Poi racconta una cosa che, quando arrivò Daesh due anni fa, molte famiglie sunnite pensarono. “Quando arrivò l’Isis – dice la donna – credevamo che fosse meglio dell’esercito iracheno. Poi, purtroppo, ci siamo dovuti ricredere velocemente”. L’esercito, fra l’altro, è fuggito lasciando le famiglie di Mosul e dei villaggi in balia dell’Isis. Racconta il marito della donna che è di fianco a lei: “Sono scappati e hanno lasciato le armi, le munizioni e ben 27 milioni di dollari in città”. Prima di andare via il marito ci fa vedere le foto della sua casa distrutta. Spera di tornare, ma non sa come farà a ricostruirla.
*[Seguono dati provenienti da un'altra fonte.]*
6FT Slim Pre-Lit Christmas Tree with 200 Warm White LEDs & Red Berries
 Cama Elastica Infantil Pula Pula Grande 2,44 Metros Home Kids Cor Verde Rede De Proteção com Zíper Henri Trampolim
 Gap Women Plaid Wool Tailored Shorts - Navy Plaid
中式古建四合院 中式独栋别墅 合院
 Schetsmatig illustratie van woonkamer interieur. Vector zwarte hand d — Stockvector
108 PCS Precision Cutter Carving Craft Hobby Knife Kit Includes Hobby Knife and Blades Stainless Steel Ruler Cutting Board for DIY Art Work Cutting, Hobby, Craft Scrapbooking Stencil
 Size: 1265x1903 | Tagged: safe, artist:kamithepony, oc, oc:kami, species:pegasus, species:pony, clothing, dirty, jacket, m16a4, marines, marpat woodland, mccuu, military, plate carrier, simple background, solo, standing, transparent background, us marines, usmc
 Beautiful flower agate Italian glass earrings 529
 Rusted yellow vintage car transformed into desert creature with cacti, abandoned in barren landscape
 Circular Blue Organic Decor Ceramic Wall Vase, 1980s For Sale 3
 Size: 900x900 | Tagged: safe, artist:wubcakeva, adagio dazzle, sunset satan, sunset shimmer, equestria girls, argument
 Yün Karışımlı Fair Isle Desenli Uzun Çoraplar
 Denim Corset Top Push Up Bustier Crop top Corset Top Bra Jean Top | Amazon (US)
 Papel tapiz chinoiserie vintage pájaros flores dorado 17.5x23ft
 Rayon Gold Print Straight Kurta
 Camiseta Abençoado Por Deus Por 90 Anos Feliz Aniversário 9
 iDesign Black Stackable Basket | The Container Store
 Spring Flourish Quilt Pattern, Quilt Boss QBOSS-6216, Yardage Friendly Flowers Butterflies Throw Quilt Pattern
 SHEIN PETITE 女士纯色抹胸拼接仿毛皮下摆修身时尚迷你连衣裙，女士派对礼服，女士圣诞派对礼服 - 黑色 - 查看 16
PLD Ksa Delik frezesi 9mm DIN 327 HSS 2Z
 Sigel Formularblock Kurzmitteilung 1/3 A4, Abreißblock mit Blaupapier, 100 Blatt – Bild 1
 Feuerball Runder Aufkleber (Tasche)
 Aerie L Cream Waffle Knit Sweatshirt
Percorriamo qualche centinaio di metri e arriviamo allo stadio che, su quello che era il campo da calcio, ospita oggi un’altra distesa di tende.

Haniya
Qui incontriamo Haniya. Un viso indurito dalle sofferenze. E’ un po’ introversa. Si vede che non è abituata a parlare con un uomo. Ha 4 figli ed è fuggita da Mosul durante il Ramadan. “Dovevamo coprirci interamente quando andavamo fuori – racconta – e lo potevamo fare solo per comprare da mangiare. Ma eravamo in grado di acquistare veramente poco perché non avevamo soldi. Non riuscivamo neanche a pagare la luce in casa. C’erano bombardamenti continui. Se una donna usciva da sola, senza marito o figli, andava in prigione. Se usavi il cellulare andavi in prigione. Mio cugino è stato fermato. Non sapeva pregare. Allora lo hanno portato in carcere, lo hanno picchiato e lo hanno costretto ad imparare le preghiere. Non potevamo lavorare. Per mangiare facevamo il pane in casa e, di nascosto, lo vendevamo ai nostri vicini”. Aggiunge: “Non voglio tornare là, perché la mia casa è stata distrutta. Spero che Daesh venga annientato presto perché non abbiamo bisogno di qualcuno che, tutto il giorno, ci dica cosa dobbiamo fare e come dobbiamo farlo”.

Leila
Usciamo e passiamo attraverso una struttura, sotto lo stadio, dove dormono alcuni ragazzi. Ci spiegano che hanno trovato rifugio lì perché c’erano delle milizie che li volevano assoldare per farli combattere contro l’Isis. La paga è buona e la tentazione, per questi giovani, che magari devono mantenere una famiglia, è grande. Questi, probabilmente, saranno salvati. Arriviamo nella tenda di Leila che è arrivata fin qui a piedi da Kirkuk con la sua famiglia, il marito e i tre figli. Racconta: “Siamo arrivati qua tre mesi fa. Mio marito, che fa l’insegnante, non poteva lavorare sotto l’Isis. Non c’era cibo. Non potevamo comprare nulla. Un chilo di zucchero costava 50 dollari. Cucinavamo il pane in casa con la farina e l’acqua sporca. Mangiavamo solo quello: pane e acqua.  Per cinque mesi abbiamo vissuto così, senza uscire di casa. Poi non ce l’abbiamo più fatta.Siamo fuggiti di notte e ci siamo fatti trenta chilometri a piedi per arrivare fino a questo campo. Se ci avessero scoperto, ci avrebbero uccisi tutti”.

Fuori dalla tenda due ragazzine si avvicinano e chiedono una foto. Sorridono. Poi, improvvisamente, una delle due si fa seria. Non parla. Probabilmente ha subito qualche trauma che le impedisce di comunicare con la voce. Ma basta lo sguardo. Fisso, terreo. Inizia a mimare scene di guerra, esplosioni, gente ferita, zoppicante e sanguinante. La bocca si muove, ma le parole non escono. E, se anche uscissero, probabilmente non sarebbero sufficienti a descrivere l’orrore che deve aver vissuto questa bambina, vittima silenziosa della guerra contro l’Isis che si sta combattendo nella piana di Ninive.